Retour sur la fascination, l’émerveillement, le trouble ou le choc suscités par une œuvre d’art…

Par Fanny Revault
Au moment de concevoir une œuvre pour la Biennale de Venise 2022, Jean Boghossian avait en tête un chef-d’œuvre de la Renaissance allemande, Melencolia I d’Albrecht Dürer. Une figure centrale, ailée, énigmatique et sombre, songeuse, semble être en attente d’inspiration. Elle est considérée comme une personnification de la mélancolie. S’inspirant de cette gravure d’une grande richesse symbolique pour réaliser sa sculpture monumentale Melencolia Contemporanea, l’artiste nous explique comment il s’en ait emparé pour réinterpréter et refléter la mélancolie de notre monde actuel.
Lorsque vous avez conçu une œuvre pour la Biennale de Venise en 2022, vous vous êtes inspiré de l’œuvre de Melencolia I d’Albrecht Dürer. Pour quelle raison ?
J’ai été très heureux lorsque le Yacht Club de Venise m’a proposé d’exposer une œuvre à la Biennale en 2022. J’ai longuement réfléchi à ce que je pouvais créer pour leur terrasse, avant de décider que ce serait l’œuvre de Dürer qui serait ma source d’inspiration. Pourquoi ? Dürer, c’est la mélancolie… Il a réussi à graver cet état de l’artiste, mais aussi l’état d’une époque mélancolique, apathique, de silence et de pause. Cet état de mélancolie est définitivement triste, mais c’est en même temps l’étape nécessaire pour que la créativité s’installe.
Dürer, je l’ai découvert lorsque j’ai étudié l’histoire de l’art, et il est resté présent dans mon inconscient. Et c’est seulement au moment où j’ai dû réfléchir à une œuvre qui avait un sens particulier pour moi que j’ai pensé à cet artiste. J’ai pensé à lui parce que j’ai voulu faire une œuvre qui avait un rapport avec mon parcours, mon vécu et le monde d’aujourd’hui. Je crois que cette œuvre reflète justement ces trois points. L’œuvre de Dürer me reflète, en quelque sorte.

D’où vous vient cette mélancolie ?
Ma mélancolie me vient de mon pays d’origine où mon grand-père a connu un génocide. Je suis né à Alep, une ville totalement détruite, démolie. J’ai vécu au Liban mes plus belles années de jeunesse, pays qui, malheureusement, a connu une guerre civile qui l’a démolie pendant dix-sept ans. Je me suis donc dit que je devais faire une œuvre qui évoque la mélancolie en général, et qui puisse exprimer aussi ma propre mélancolie.
La mélancolie est un des caractères de l’homme.

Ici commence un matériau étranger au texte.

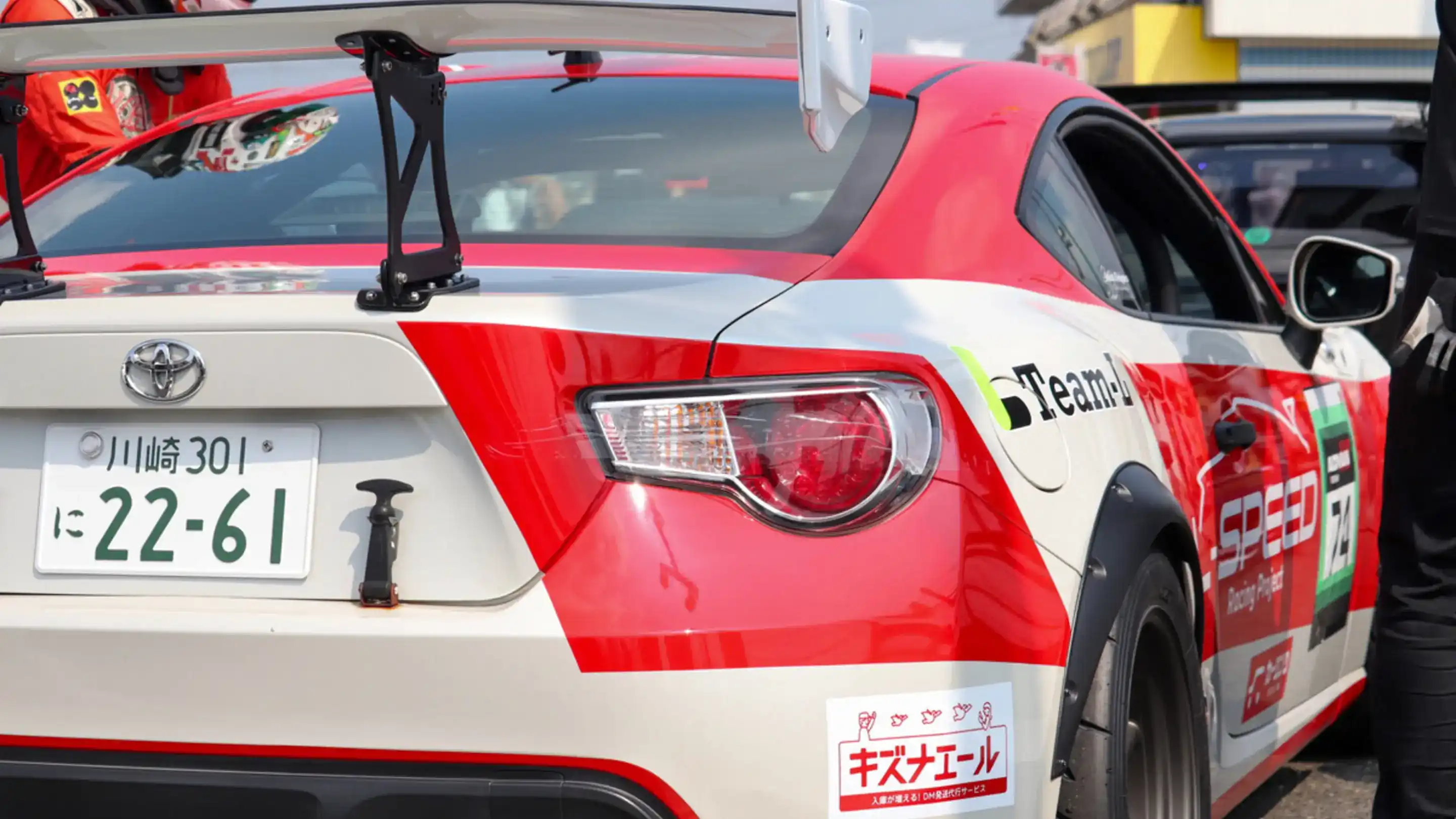 サーキットで出走を待つL-SPEEDのレース車両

Adolescent, lorsque j’étais en classe de philosophie, nous avions fait un test : il s’est avéré que j’étais mélancolique, alors que d’autres étaient passionnés, volontaires, apathiques… Je croyais appartenir aux volontaires, mais il s’avérait que j’étais un mélancolique.
Selon-vous comment Dürer exprime-t-il cet état particulier qu’est la mélancolie ? Quels éléments retrouve-t-on dans cette gravure ?
Je pense que Dürer voyait la mélancolie comme un état nécessaire par lequel il faut passer pour arriver à la créativité et à l’action, parce qu’après la créativité, il faut agir. Au centre de la gravure, sur la gauche, on retrouve un volume lié au calcul géométrique des planètes que j’aurais peine à vous expliquer, ainsi que “Melancolia I”, écrit dans un cartouche tenu par une chauve-souris. Et le volume est un peu tordu : j’y vois un parallélépipède ou un polyèdre. On retrouve aussi un carré magique, une sphère, un arc-en-ciel, un coucher de soleil, la mer, un compas… Mais aussi les éléments de la construction, du développement et de l’action qui sont le sablier, la mesure du temps, la balance.
Parmi l’ensemble des éléments que Dürer a intégré dans son œuvre pour représenter la mélancolie, vous en avez choisi certains : l’échelle et le volume. Pourquoi ce choix ?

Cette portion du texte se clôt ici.